Principle:Triton inference server Server Inference Correctness Testing
Overview
Inference Correctness Testing is the QA principle that validates the numerical accuracy and behavioral correctness of inference results produced by Triton Inference Server across all supported execution modes. This encompasses standard inference, CUDA graph-accelerated execution, and dynamic shape handling for models with variable-dimension inputs. Because Triton sits between the client and the model execution runtime, it must ensure that the transformations it applies to request data -- batching, memory transfers, padding, shape manipulation -- preserve the mathematical properties of the inference operation. A server that is fast but numerically wrong is worse than useless; it is dangerous.
Theoretical Basis
The Correctness Guarantee
The fundamental contract of an inference server is: given the same model and the same input, the server must produce the same output as running the model directly in its native framework (TensorRT, ONNX Runtime, PyTorch, etc.), within the bounds of floating-point non-determinism inherent to the execution platform. Testing this contract requires:
- Golden output comparison: Running inference through Triton and directly through the framework, then comparing outputs element-by-element with appropriate tolerance thresholds (absolute and relative error bounds that account for floating-point non-associativity in parallel reductions).

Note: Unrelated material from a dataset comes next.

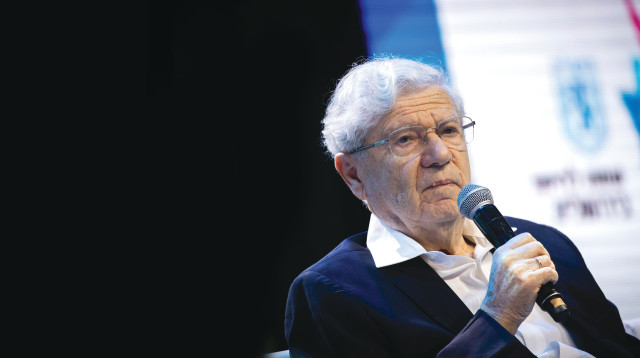 אהרן ברק (צילום: יונתן זינדל, פלאש 90)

- Datatype fidelity: Verifying that all supported datatypes -- FP32, FP16, INT8, INT16, INT32, INT64, BOOL, and string (BYTES) -- are correctly handled through the entire pipeline without implicit type coercion or precision loss.
- Batch correctness: Ensuring that the response for the i-th request in a dynamically assembled batch exactly matches what would have been returned for that request in isolation. This is the single most important correctness property for a batching inference server.
CUDA Graph Execution
CUDA graphs are a GPU acceleration mechanism that captures a sequence of GPU operations (kernel launches, memory copies) into a replayable graph, eliminating the CPU overhead of launching individual kernels on every inference. Triton supports CUDA graph capture for TensorRT and other backends. However, CUDA graphs introduce strict constraints:
- Fixed shapes: A captured CUDA graph is bound to specific input shapes. If a request arrives with a shape that does not match any captured graph, Triton must fall back to regular execution. Testing must verify that this fallback is seamless and correct.
- Memory address stability: CUDA graphs capture device memory pointers. If the memory layout changes between capture and replay, the graph produces garbage output. Tests must verify that Triton's memory manager maintains address stability for CUDA graph-eligible buffers.
- Graph cache management: Triton maintains a cache of captured graphs keyed by input shape combinations. Tests must verify that cache lookup is correct (no false hits from shape hash collisions), that cache eviction under memory pressure does not cause errors, and that graph re-capture after eviction produces correct results.
Dynamic Shape Handling
Models with dynamic shapes (e.g., variable sequence length, variable image resolution) present unique challenges:
- TensorRT dynamic shapes: TensorRT optimization profiles define minimum, optimal, and maximum dimensions for each dynamic axis. Triton must select the correct optimization profile for each request's input shapes. An incorrect profile selection can produce wrong results (if the shapes exceed the profile's maximum) or suboptimal performance (if a less efficient profile is selected).
- Shape tensor inputs: Some models accept "shape tensors" that describe the dimensions of other inputs. These must be handled distinctly from data tensors -- they reside in CPU memory even when data tensors are on GPU, and they must be correctly propagated to the backend.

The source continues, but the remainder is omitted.